La Constitución, en su artículo 17, garantiza explícitamente la independencia de jueces y magistrados. Este mandato es reforzado por los ‘Principios básicos relativos a la independencia de la judicatura’ de la Asamblea General de las Naciones Unidas, que enfatizan la necesidad de que los juzgadores actúen con imparcialidad y libres de influencias externas. Sin embargo, las palabras del presidente sugieren, una vez más, que para él la ley es más un estorbo que una realidad.

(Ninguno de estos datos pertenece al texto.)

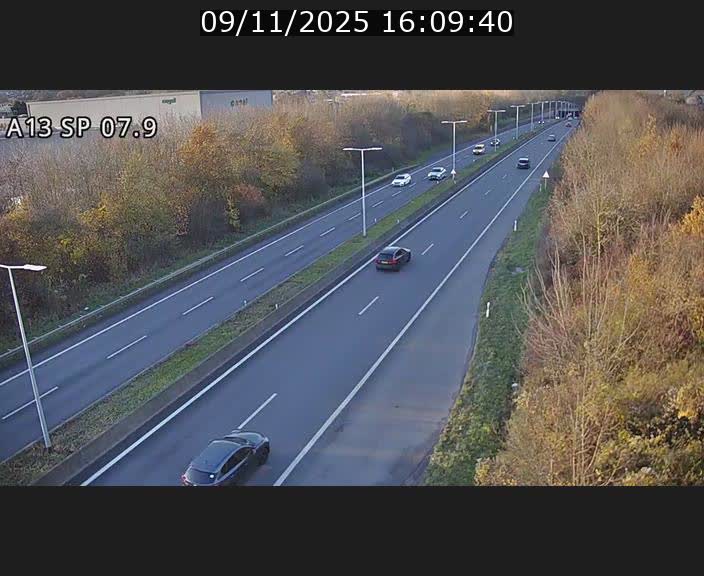 Traffic live webcam Luxembourg Jonction Lankelz - A13 direction Pétange - BK 7.9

Al admitir que Zaldívar, siendo presidente de la Suprema Corte y del Consejo de la Judicatura, intervenía en procesos judiciales para beneficio de sus intereses, López Obrador no solo exhibe, una vez más, la abyección y la sumisión de Zaldívar, sino también su torcida percepción sobre la manipulación aceptable de la justicia. Esta revelación es escandalosa, ya que también implica la comisión de delitos y faltas administrativas.

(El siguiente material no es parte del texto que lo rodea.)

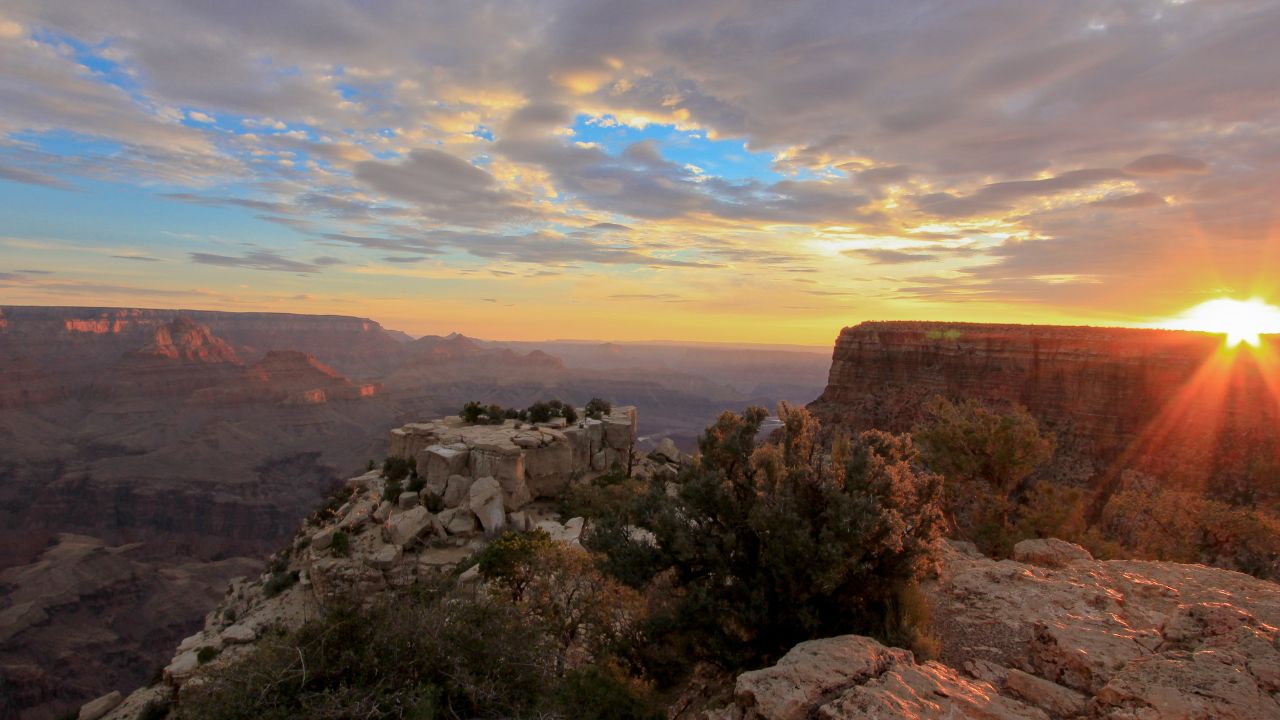 Capturing Dynamic Sunrise Scenes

Arturo Zaldívar ya respondió. Cobardemente, afirma que ‘entendieron mal, Presidente’, es decir, que López Obrador no dijo lo que dijo y lo que todos escuchamos. Como era de esperarse, negó que interviniera en decisiones de los jueces por instrucciones presidenciales. Lo que había, según él, era solo ‘una coordinación’, pero que ‘las quejas’ del presidente se atendieron por la vía institucional, para ver si eran procedentes o no.
La hipocresía de Zaldívar no conoce límites. A principios de este sexenio, acusó que el expresidente Felipe Calderón, durante su mandato, ‘amenazó y ejerció presión sobre el máximo órgano de justicia del país’.
Convenientemente, Zaldívar esperó 12 años para lanzar esta denuncia, no dijo nada en su momento. Ahora, después de escuchar la confesión de López Obrador, entendemos la razón: el exministro tiene una obsesión por quedar bien con el presidente en turno, con el poderoso.
No olvidemos también que, en un gesto de abierto desprecio por el orden constitucional, López Obrador intentó extender la permanencia de su amigo Arturo Zaldívar como presidente de la Suprema Corte por dos años más. El ministro no dijo nada y ‘se dejó querer’. Sin embargo, esta iniciativa finalmente fue retirada debido a la presión pública y a las críticas suscitadas.
Además, todos atestiguamos la súbita transformación de Zaldívar de ministro a figura política, evidenciada en su actuación en casos como la Ley de la Industria Eléctrica, la militarización o la consulta para enjuiciar expresidentes; y en su muy oportuna y conveniente (para López Obrador) renuncia para incorporarse como ‘brigadista mediático’ a la campaña de Morena y de Sheinbaum.
Este vergonzoso escenario es un recordatorio de que la justicia en México, y en cualquier parte del mundo, no debe ser manipulada para beneficio de unos pocos. La independencia judicial no es solo un principio legal, sino un requisito fundamental para el mantenimiento de un Estado de derecho saludable y justo. La justicia debe ser ciega a los colores partidistas y sorda a las influencias del presidente.
La preocupación se extiende más allá de los actos individuales de Zaldívar o las cínicas declaraciones del presidente. Reside en la percepción pública de la justicia y en la confianza que los ciudadanos depositan en sus instituciones.
Este nuevo circo de Arturo Zaldívar no solo desnuda las intenciones López Obrador por eliminar cualquier contrapeso, sino que también nos deja claro que estos personajes nos remontan a la práctica de los ministros del siglo pasado que buscaban cargos en el Ejecutivo, cuando la línea divisoria entre un juzgador y un político era casi invisible.
Arturo Zaldívar es una vergüenza para el Poder Judicial y, al mismo tiempo, un orgullo para el obradorismo. Nada más que agregar.